The North Pennines National Landscape (NPNL) team has been awarded £2m of lottery funding to chronicle the history of lead mining in Northern England through the ‘Land of Lead and Silver’. Along with the £2m National Lottery funding, the NPNL said a further £576,000 would follow from other funders, including £221,000 from Historic England.
The Land of Lead and Silver project will run until 2028 and will work with volunteers and local communities to look at the “industrial heritage that shaped the landscape and its people”, its organisers said. The NPNL team is planning work to preserve the area’s eight mining sites, which it described as “regionally and nationally” important.
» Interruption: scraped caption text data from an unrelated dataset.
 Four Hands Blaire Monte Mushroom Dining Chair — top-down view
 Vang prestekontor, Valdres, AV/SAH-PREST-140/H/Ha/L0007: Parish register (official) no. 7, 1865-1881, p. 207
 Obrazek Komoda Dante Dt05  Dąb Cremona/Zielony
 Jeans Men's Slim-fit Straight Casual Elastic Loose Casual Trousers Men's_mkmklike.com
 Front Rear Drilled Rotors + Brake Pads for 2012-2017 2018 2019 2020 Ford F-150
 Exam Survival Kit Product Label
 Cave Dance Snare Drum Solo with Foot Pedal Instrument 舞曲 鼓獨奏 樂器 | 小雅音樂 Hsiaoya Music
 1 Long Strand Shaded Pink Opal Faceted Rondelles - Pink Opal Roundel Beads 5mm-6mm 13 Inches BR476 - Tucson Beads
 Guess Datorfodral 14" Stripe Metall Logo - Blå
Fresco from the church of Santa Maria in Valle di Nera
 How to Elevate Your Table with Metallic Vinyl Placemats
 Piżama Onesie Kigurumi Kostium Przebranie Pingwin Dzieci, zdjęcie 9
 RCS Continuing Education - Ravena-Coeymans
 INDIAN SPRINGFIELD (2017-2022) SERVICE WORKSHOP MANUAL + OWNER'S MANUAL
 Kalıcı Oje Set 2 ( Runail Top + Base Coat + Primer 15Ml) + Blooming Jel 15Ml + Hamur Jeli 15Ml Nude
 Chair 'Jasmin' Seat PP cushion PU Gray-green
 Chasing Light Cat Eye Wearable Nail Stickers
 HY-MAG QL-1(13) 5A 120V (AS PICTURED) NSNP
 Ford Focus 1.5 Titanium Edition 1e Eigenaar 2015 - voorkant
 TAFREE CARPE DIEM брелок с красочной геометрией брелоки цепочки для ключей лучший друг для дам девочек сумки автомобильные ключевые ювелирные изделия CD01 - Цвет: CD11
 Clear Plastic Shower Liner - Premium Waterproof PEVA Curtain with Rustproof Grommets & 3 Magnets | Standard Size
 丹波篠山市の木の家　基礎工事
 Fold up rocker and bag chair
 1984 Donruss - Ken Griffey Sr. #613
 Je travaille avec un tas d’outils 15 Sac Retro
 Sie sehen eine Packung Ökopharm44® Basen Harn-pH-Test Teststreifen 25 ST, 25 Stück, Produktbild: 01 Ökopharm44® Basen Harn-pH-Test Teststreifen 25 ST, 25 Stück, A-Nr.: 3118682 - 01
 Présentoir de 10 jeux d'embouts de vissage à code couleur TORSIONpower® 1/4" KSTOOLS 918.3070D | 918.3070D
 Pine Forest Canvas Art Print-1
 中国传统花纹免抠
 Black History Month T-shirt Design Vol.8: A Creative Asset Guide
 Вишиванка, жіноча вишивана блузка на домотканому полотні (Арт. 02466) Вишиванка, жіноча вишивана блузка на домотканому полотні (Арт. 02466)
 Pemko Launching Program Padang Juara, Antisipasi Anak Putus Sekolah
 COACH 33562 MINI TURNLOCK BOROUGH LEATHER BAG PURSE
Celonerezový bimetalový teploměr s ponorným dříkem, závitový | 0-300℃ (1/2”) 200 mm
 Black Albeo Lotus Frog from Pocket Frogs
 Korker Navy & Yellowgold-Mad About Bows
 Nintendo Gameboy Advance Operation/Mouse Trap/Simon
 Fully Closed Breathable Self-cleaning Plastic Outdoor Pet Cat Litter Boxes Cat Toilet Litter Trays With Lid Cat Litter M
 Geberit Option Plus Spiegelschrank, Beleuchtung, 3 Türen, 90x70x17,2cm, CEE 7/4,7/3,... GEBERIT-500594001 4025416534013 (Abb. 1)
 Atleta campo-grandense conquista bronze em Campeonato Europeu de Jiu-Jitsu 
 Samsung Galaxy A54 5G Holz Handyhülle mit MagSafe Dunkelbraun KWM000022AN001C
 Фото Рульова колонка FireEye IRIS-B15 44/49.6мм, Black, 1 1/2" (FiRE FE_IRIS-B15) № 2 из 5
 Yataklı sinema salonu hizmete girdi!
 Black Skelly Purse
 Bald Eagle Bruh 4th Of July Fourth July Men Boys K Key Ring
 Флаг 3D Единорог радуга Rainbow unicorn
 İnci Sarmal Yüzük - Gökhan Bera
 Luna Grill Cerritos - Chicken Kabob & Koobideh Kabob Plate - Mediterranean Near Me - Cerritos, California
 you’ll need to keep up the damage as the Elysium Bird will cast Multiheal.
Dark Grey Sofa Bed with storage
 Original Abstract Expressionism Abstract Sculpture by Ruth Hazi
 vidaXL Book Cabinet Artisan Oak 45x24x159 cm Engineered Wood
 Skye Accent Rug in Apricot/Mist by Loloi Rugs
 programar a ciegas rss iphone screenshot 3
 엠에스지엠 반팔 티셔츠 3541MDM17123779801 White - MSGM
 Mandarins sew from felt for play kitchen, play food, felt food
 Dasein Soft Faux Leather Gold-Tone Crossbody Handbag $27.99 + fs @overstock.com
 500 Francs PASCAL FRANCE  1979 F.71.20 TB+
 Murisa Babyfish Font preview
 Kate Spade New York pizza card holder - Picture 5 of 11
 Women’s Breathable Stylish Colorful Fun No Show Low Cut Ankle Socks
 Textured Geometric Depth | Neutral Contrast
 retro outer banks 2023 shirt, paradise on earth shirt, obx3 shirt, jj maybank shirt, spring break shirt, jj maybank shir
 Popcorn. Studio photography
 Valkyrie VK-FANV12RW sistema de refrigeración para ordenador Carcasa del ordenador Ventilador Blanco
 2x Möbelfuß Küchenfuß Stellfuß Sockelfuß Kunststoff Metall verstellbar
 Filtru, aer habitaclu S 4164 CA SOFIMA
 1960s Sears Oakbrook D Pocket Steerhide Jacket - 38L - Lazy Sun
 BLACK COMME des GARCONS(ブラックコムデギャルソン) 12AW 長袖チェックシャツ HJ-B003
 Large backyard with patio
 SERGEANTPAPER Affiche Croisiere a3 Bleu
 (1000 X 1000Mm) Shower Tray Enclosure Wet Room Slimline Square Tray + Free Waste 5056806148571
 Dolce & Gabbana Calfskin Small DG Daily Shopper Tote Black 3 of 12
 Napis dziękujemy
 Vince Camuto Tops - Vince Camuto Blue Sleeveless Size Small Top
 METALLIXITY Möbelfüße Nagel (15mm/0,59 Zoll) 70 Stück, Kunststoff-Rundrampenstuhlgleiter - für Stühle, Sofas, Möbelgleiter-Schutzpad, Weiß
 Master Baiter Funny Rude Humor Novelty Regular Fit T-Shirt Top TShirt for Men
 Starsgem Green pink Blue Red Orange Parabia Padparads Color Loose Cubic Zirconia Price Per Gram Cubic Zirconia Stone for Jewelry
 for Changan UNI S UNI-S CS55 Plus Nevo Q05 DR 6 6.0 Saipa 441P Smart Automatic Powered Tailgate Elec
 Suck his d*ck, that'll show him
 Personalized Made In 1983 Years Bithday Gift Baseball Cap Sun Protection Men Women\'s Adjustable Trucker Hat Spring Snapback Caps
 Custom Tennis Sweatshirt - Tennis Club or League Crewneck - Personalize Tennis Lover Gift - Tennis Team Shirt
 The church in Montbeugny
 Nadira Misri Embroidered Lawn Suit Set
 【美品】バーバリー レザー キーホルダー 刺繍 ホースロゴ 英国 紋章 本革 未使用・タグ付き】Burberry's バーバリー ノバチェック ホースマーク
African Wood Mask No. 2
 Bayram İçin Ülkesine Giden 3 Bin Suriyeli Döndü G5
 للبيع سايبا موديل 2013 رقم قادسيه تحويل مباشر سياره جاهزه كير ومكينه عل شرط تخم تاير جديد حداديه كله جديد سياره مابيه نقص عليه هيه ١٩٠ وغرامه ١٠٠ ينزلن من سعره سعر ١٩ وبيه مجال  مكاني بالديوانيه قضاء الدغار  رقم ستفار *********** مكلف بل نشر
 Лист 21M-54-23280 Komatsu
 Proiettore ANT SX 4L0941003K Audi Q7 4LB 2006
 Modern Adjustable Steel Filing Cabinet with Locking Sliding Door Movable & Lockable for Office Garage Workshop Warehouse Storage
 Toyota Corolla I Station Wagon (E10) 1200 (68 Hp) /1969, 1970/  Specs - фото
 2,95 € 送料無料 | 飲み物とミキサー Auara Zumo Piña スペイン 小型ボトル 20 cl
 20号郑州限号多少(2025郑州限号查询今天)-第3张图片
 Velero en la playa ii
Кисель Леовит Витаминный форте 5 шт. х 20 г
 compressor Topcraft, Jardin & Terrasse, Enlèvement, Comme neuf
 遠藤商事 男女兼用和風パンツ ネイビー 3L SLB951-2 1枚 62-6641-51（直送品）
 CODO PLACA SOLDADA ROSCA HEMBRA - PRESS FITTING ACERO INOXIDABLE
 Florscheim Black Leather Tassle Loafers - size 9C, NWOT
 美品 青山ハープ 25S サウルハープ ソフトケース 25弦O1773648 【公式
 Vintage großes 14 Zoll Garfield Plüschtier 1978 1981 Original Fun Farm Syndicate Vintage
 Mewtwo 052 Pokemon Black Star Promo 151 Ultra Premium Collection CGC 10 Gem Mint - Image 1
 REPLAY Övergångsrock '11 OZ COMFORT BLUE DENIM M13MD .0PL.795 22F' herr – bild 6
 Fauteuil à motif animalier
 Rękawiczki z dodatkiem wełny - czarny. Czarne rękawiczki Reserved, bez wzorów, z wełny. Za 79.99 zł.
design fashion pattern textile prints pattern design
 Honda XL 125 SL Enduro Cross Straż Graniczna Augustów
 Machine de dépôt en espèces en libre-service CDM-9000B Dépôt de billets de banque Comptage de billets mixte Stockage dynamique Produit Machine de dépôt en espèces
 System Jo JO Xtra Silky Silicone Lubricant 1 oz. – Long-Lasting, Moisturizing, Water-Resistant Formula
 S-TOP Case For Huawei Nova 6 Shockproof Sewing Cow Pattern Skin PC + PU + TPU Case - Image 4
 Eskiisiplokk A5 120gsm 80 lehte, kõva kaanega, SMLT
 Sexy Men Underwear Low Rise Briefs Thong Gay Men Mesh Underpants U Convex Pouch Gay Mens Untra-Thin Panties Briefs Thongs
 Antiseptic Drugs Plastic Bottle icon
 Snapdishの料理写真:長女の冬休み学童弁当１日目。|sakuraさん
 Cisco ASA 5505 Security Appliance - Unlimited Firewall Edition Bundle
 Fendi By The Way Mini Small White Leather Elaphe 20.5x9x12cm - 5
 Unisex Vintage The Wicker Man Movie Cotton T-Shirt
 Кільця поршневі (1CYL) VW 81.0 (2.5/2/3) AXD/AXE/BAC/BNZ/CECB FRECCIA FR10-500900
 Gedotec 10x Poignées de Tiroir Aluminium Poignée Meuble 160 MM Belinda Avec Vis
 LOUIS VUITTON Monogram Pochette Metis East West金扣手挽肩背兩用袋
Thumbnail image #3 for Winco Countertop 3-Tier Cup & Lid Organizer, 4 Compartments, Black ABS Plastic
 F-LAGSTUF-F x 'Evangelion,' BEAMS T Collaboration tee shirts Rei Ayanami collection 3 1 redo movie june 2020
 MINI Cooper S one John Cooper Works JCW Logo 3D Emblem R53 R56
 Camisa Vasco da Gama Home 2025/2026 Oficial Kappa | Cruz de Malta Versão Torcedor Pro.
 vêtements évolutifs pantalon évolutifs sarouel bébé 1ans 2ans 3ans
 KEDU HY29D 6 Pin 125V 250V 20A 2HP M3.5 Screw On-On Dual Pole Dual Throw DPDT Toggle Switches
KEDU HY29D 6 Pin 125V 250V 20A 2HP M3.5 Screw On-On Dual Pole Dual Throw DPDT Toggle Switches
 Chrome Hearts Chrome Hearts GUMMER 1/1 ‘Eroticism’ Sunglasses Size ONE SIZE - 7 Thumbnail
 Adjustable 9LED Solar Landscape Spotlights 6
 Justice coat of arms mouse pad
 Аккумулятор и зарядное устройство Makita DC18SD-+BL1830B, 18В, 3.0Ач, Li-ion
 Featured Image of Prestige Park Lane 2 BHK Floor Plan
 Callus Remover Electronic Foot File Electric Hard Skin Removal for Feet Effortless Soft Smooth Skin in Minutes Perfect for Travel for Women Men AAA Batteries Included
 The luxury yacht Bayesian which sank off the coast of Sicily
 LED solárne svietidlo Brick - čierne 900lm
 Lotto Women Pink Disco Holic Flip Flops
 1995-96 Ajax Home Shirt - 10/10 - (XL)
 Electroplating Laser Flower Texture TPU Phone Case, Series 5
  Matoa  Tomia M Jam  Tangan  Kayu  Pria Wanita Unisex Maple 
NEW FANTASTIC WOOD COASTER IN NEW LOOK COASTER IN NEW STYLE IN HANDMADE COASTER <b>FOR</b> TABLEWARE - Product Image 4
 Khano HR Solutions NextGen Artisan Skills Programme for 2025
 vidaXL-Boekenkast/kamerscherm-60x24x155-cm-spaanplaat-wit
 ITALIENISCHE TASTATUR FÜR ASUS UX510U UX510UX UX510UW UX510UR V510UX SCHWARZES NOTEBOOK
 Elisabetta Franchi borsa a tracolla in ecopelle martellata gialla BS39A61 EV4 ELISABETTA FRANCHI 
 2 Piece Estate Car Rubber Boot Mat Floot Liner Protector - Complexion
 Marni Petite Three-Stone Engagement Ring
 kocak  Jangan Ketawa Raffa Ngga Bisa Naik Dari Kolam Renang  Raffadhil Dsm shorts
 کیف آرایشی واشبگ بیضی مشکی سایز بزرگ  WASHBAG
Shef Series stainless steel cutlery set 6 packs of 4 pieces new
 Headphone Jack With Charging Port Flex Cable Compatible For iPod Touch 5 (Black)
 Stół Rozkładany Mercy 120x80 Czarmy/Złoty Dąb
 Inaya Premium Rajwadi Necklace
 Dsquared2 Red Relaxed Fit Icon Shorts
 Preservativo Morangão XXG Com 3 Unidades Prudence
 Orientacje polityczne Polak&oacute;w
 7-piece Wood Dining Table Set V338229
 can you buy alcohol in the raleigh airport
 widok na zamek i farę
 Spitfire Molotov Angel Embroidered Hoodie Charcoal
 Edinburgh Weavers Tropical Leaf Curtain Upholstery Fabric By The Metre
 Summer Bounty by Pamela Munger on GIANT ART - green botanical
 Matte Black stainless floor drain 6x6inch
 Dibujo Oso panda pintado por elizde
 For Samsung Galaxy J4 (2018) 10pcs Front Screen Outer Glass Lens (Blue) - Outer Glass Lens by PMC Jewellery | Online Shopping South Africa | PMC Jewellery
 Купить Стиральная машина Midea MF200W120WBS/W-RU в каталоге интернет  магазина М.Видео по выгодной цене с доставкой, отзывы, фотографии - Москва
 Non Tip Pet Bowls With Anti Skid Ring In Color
There will be extensive opportunities for volunteering, involving community arts and engagement, including annual community grants.
National Lottery Heritage Fund director Helen Featherstone said industrial heritage in the region was “hugely significant”, whilst the NPNL’s Andie Harris said the project was for “everyone” who had or “would like to have a connection” with the landscape, and “understand more about what made it the place it is today”. The NPNL said it would take a new approach to lead mining heritage, “weaving in” some of the unknown stories and features from that period in the North Pennines’ history.
From the mid-1700s to the early 1900s, the North Pennines was dominated by lead mining. Visible evidence remains in the form of levels, driven underground to reach the lead veins, mine complexes, dressing floors, and smelt mills. The industry shaped the area’s villages and settlements, and led to the network of rights of way in the valleys and on the high moors.